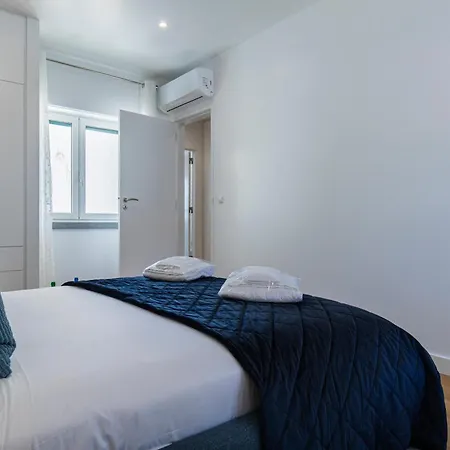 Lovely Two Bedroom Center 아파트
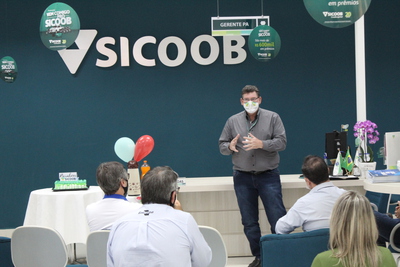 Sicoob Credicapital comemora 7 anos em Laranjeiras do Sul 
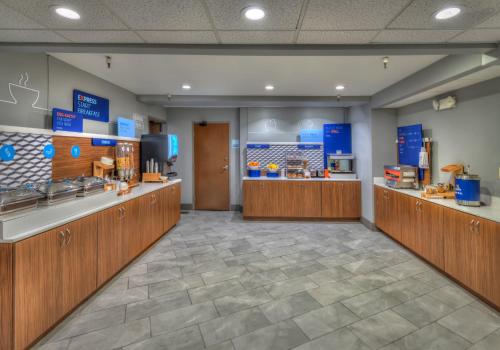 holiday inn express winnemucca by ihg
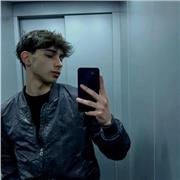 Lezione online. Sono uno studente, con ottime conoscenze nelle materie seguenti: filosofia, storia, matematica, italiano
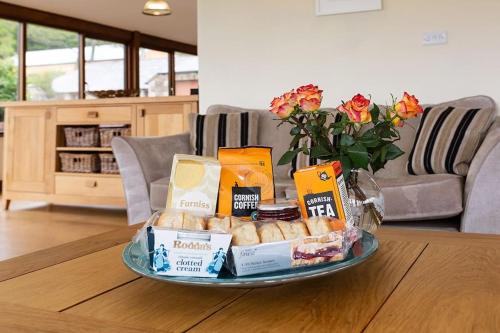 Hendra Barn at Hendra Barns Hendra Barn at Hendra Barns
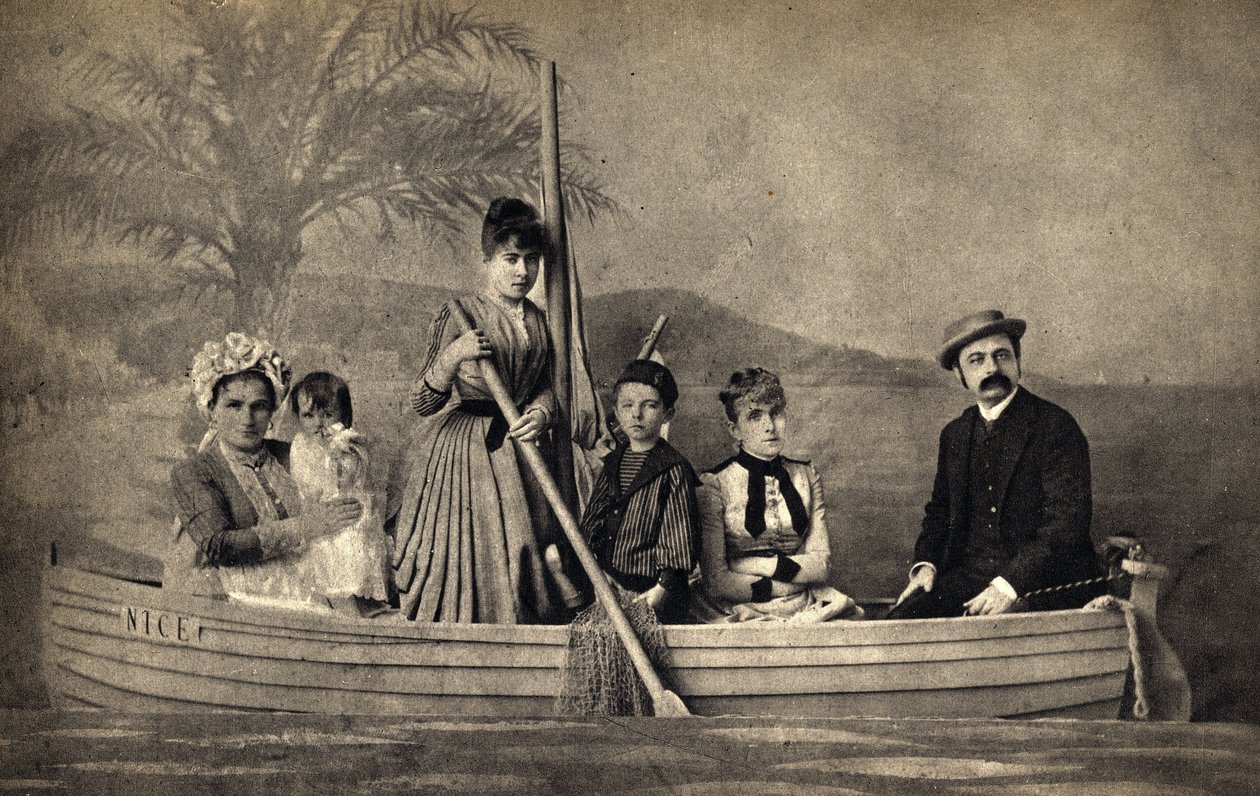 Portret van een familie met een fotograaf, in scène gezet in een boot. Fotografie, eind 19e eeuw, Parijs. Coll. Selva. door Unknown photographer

- [Exercise]
Repeat the records in full, exactly as they appear, but with the pictures removed.

- [Task solution]
 Lovely Two Bedroom Center 아파트
 Sicoob Credicapital comemora 7 anos em Laranjeiras do Sul 
 holiday inn express winnemucca by ihg
 Lezione online. Sono uno studente, con ottime conoscenze nelle materie seguenti: filosofia, storia, matematica, italiano
 Hendra Barn at Hendra Barns Hendra Barn at Hendra Barns
 Portret van een familie met een fotograaf, in scène gezet in een boot. Fotografie, eind 19e eeuw, Parijs. Coll. Selva. door Unknown photographer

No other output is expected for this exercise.